Quartz is piezoelectric, which means that it creates a voltage when deformed. The higher the altitude, the less likely a lighter with piezo-electric ignition is to work.

Wikipedia

Ford divides the day. He allots 8 hours for work, 8 for consumption and 8 to rest for the next days’ work and consumption. He sets the cycle, regulates the days of the American worker. He is an idealist. He believes in a better society. Brilliant men fail. It happens all the time. There are no masters of change.

If you are unfamiliar with Sisyphus, he was a wise man on earth. He was also a journeyman. He was cursed for loving the earth too much. He defied the gods and was exiled to an older, even more contingent and unforgiving world. It was his fate to roll an impossible stone up mountains. Well, it was one mountain, but the rock never stayed put, so the numbers grew. The stone always returned to the bottom of the mountain—always back to that unholy plain.

Piezoelectric ignition is used in common lighters. It is also the element used to power most quartz based wristwatches. The small stone ignites. It also perpetuates. The process was discovered in 1880. Just in time for the new century.

A common tension with fordist/ postfordist economies are conflicts between market demands and the means of production- that’s what the theory says. But even the theories don’t give much credit to the men at the bottom of the market (hegemony). I mean, workerism? The laborer is a hero, they say. He is a faceless hero, even to his champions. He is a martyr working in isolation. He is an ideal, almost never a man, really. I’m generalizing. How do you make sense of particulars in these terms?

Sisyphus seems damned. He seems cursed. We are left to imagine the wisest of men, a great lover, pressed against a stone, defying a constant pull backward and down. His hands are wasted, muddy and raw. His back is wasted too. He presses up. There is a moment of failure. The rock can’t climb. It hangs suspended in a instant when all invested hope is diffused. Because it won’t rise, it won’t stay. We only coast in one direction, right? So it falls, retracing the path of its incremental ascent, but faster.
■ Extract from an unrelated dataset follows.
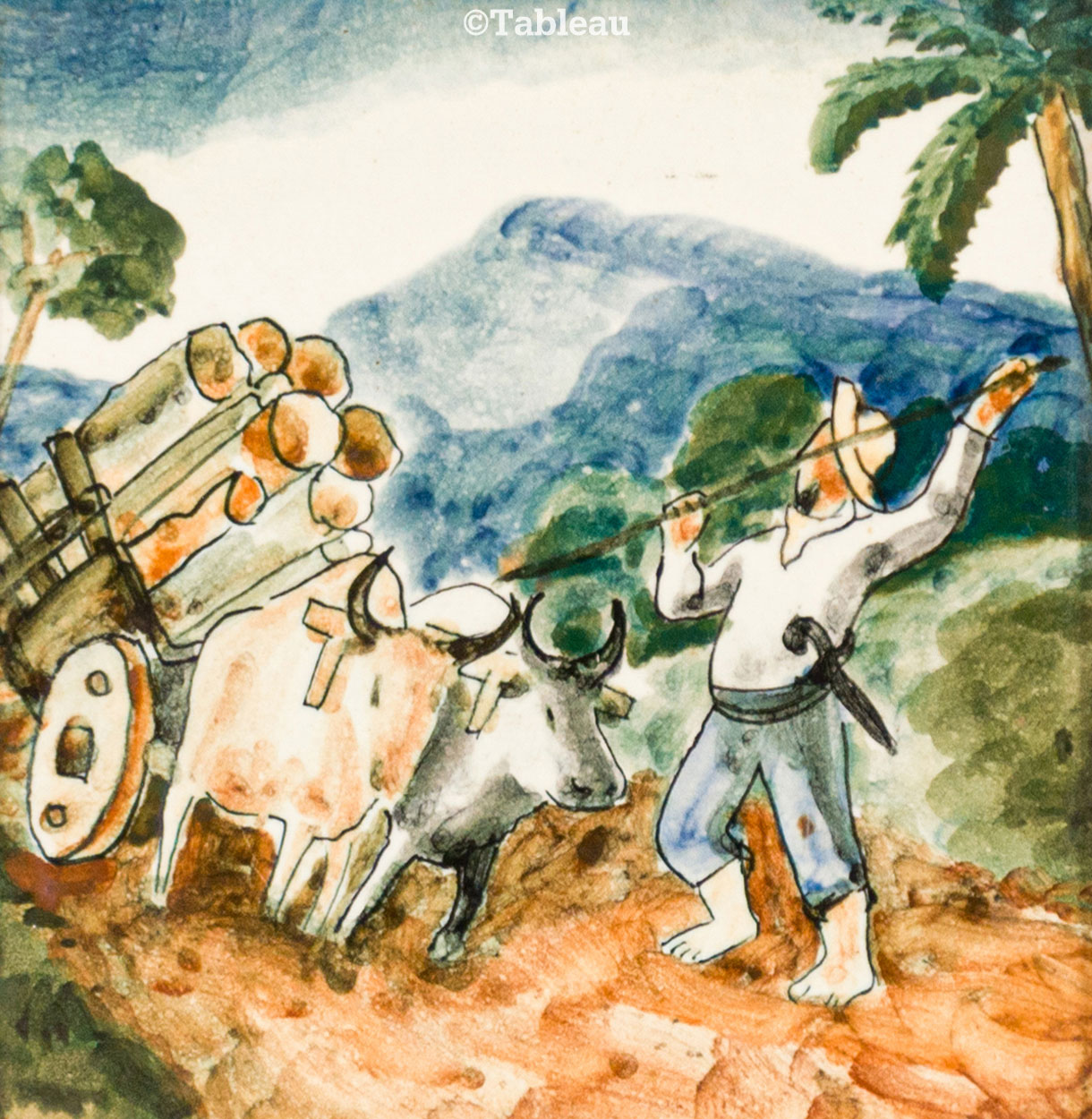 Alfredo Volpi - Carro de bois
This is S. seeing his curse released and falling. What are his thoughts during its descent? What are his thoughts as he follows it down?

How do you construct a vision of American ethos? How do you create a concise vision of such an unruly experiment-- one that seems so ecstatic and terrifying? Can you see its promise? Do you recognize all of its innovation as facile groping in the dark? Can you understand its means to forming up substantial futures? How do you make sense of the values of a courageous and lost child? How can you not be enamored with the brilliant and eccentric residue of its pursuits? We hang its textures on our walls and transmit them through the air. We project them on screens. We drive them around. We feel excited and mobilized by it all. We also get a little soft about what we feel, and recognize this in certain moments. We question ourselves for such flimsy indulgence. We’re torn by this place. We celebrate it full stop, and we hope for better.

On the unholy plane S. faces the stone again. In this moment he knows who he is. He knows where he’s been and recognizes all the virtues of life on earth. His wisdom is sealed by death. S. will roll the stone and make it rise. He will perpetuate an awe inspiring and meaningless task, but he will do so with all the knowledge that casts gods and heroes aside. His recognition is seated in a moment. Right here, right now he is a locus-- he is the vector and he its realization. He sets the stone and he makes it rise.